[Source records]
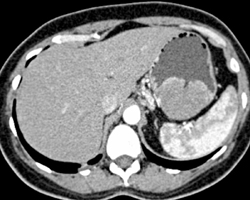 GIST Tumor With Ulceration - CTisus CT Scan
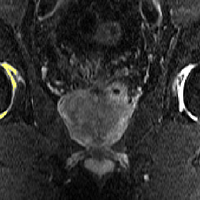 Semi-automated quantification of joint effusion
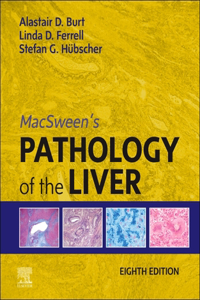 Macsween's Pathology of the Liver, E-Book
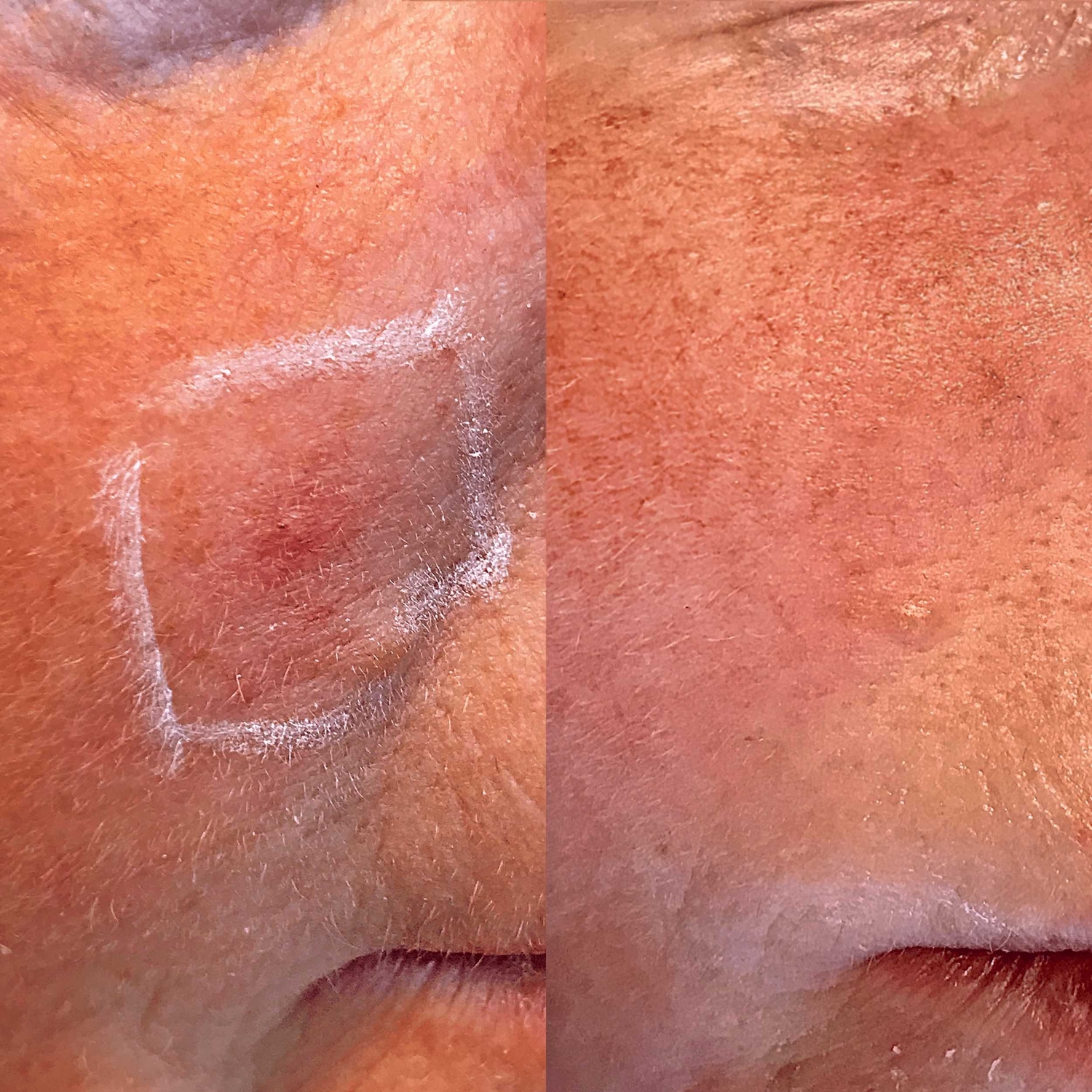 Bloedvaatje verwijderen huidtherapie groenlo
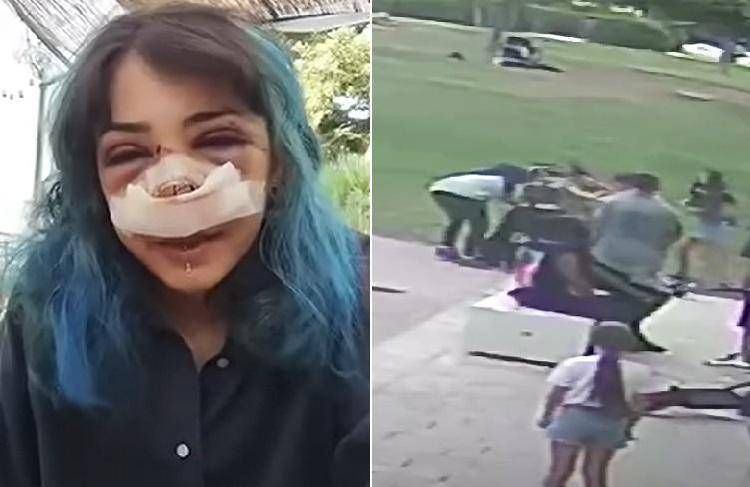 Picchiata al Parco Rossani, processo al via il 4 novembre: la 26enne ha pubblicato il video dell’aggressione
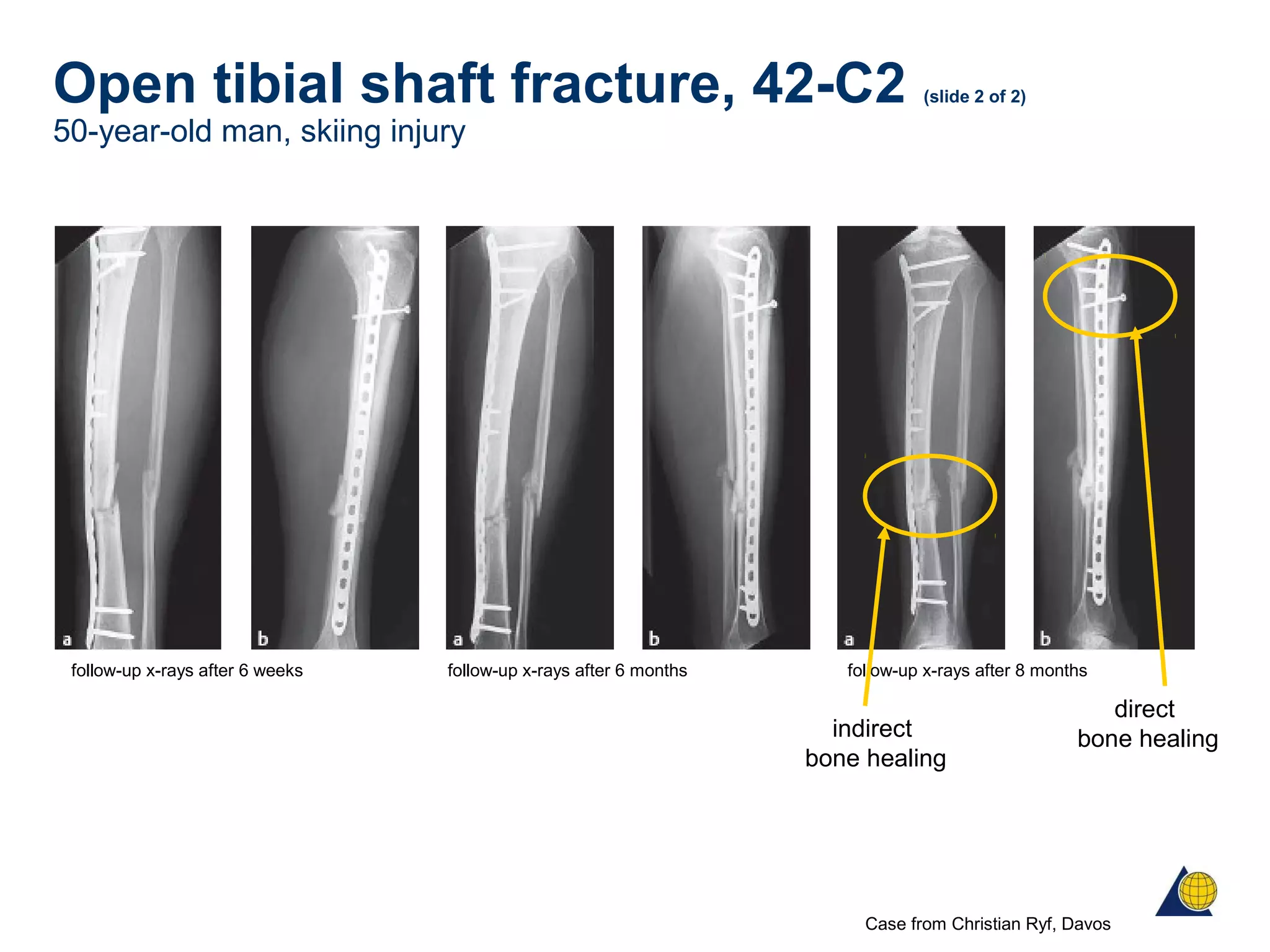 Open tibial shaft fracture, 42-C2 (slide 2 of 2)
50-year-old man, skiing injury
follow-up x-rays after 6 weeks follow-up x-rays after 6 months
Case from Christian Ryf, Davos
follow-up x-rays after 8 months
indirect
bone healing
direct
bone healing
 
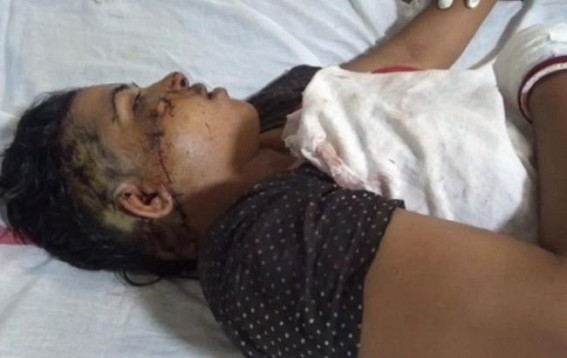 Brutal Domestic Torture on a Housewife at Kamalpur Brutal Domestic Torture on a Housewife at Kamalpur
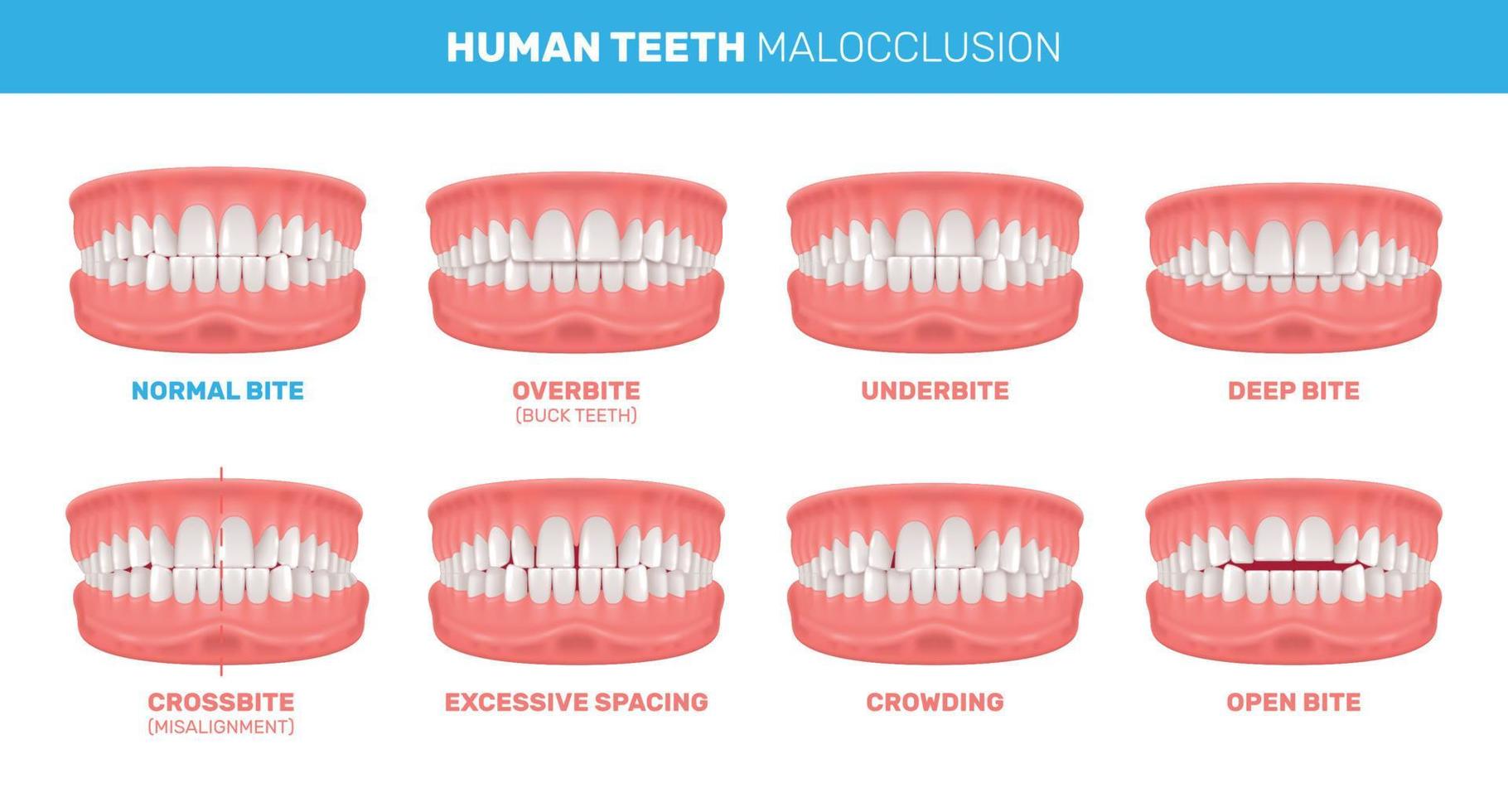 Maloclusión de las infografías de los dientes. vector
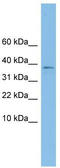 Kelch Domain Containing 9 antibody, TA339946, Origene, Western Blot image 
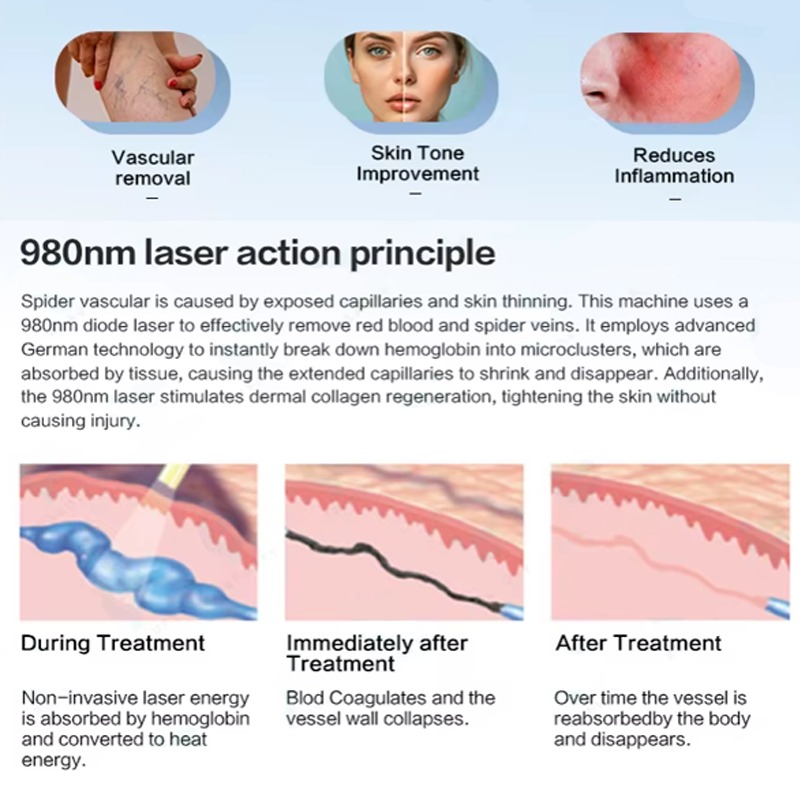 980nm laser action principle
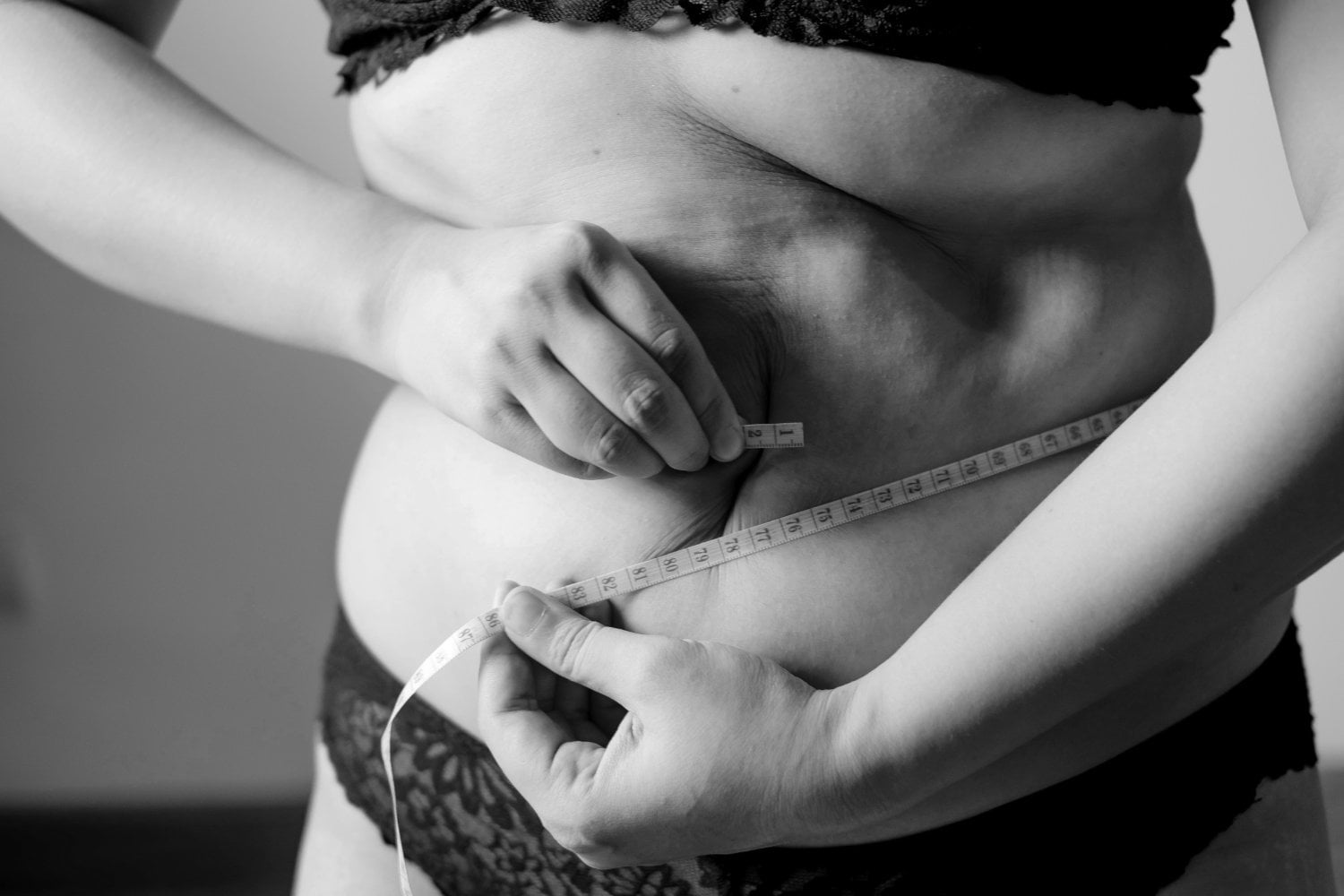 Obesidad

WORK TO BE COMPLETED:
How many lines in the data above hold the word "after"? Answer with the number alone.

SOLVED PROBLEM:
2